LE VOYAGE DE BODIEL
ROMAN D’ALIOUNE BADARA BèYE, PRÉSIDENT DE L’ASSOCIATION DES ECRIVAINS DU SÉNÉGAL

Les yeux baissés, il fixait une calebasse remplie de petits cailloux et au fond de laquelle on pouvait apercevoir l’écaille dorsale d’un reptile. D’un ton sec et ferme, le vieux Oumarou qui avait gardé jusqu’ici le silence demanda enfin :
-Vous êtes venue pour votre fille ? Bodiel, étonnée, répliqua : -Mais comment le savez-vous ? Le vieux Oumarou sourit enfin, et elles comprirent que, derrière le visage du guérisseur, se cachait un certain enthousiasme, une bonne humeur qui désarmait et assurait à la fois.
Vous savez, mes filles, répondit-il, j’ai appris dès mon jeune âge à lire entre les lignes, à entrevoir les mystères de la conscience humaine.

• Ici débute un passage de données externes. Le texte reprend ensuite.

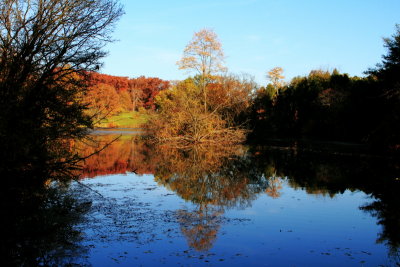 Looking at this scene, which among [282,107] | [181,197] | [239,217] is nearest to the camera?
[239,217]

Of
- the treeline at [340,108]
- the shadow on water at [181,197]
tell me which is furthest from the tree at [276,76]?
the shadow on water at [181,197]

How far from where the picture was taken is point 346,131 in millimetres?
38750

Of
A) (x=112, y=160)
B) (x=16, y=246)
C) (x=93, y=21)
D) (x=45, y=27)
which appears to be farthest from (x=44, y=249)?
(x=112, y=160)

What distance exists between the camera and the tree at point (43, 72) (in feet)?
23.1

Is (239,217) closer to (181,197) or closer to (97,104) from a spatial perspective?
(181,197)

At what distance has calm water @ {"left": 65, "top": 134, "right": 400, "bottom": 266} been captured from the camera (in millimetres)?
7066

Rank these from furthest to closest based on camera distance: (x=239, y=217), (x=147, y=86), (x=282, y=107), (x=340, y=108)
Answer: (x=147, y=86)
(x=282, y=107)
(x=340, y=108)
(x=239, y=217)

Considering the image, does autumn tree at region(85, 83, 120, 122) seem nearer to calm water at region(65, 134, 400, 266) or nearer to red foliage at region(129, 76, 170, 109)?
calm water at region(65, 134, 400, 266)

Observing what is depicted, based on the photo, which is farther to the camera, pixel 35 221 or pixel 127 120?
pixel 127 120

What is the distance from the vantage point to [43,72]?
9.04 metres

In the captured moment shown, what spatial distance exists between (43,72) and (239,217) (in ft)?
20.1

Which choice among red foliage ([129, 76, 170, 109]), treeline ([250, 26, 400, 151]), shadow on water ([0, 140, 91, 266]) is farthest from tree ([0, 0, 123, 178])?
red foliage ([129, 76, 170, 109])

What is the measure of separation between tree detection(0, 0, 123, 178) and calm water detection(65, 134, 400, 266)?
2270mm

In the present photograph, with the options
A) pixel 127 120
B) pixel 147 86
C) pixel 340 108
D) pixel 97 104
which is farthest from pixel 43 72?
Result: pixel 147 86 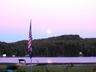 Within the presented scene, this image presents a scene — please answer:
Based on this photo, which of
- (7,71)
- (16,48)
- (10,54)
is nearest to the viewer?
(7,71)

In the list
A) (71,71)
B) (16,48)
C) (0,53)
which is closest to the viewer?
(71,71)

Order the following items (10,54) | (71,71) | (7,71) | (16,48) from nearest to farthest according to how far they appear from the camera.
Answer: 1. (7,71)
2. (71,71)
3. (10,54)
4. (16,48)

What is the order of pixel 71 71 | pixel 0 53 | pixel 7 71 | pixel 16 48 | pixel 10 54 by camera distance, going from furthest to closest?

J’ai aussi appris à traduire les significations des rêves, des projets, des nouvelles, j’ai appris à creuser et à développer les pensées des individus, leurs réflexions et surtout à déterminer les causes de leurs angoisses.
Une fois toutes les conditions réunies, je peux alors me pencher sur les remèdes, le traitement en particulier. Il va sans dire que mon diagnostic est gratuit.
Les génies refusent en effet les récompenses matérielles. Il peut arriver cependant qu’ils exigent un don, une offrande pour certains services rendus. Pour votre cas personnel, je ne crois pas qu’on en arrivera là, mais précisez-moi les maux de votre fille.
Bodiel nerveusement :
Elle est atteinte de la lèpre. Je voudrais qu’elle guérisse rapidement avant que la rumeur publique ne s’en empare. Je sais aussi que les maux dont souffre ma fille proviennent de ma rivale Dado qui a tout fait pour me détruire.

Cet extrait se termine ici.